## Your task
Every line from the one with "Wetterschutzhose Warnschutzhose orange" through the end of the material should be written out character for character. Lines before it are excluded.

## Raw data
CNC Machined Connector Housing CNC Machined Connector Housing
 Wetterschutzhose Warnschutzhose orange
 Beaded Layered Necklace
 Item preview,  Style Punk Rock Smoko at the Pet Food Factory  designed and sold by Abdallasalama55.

## Exercise output
 Wetterschutzhose Warnschutzhose orange
 Beaded Layered Necklace
 Item preview,  Style Punk Rock Smoko at the Pet Food Factory  designed and sold by Abdallasalama55.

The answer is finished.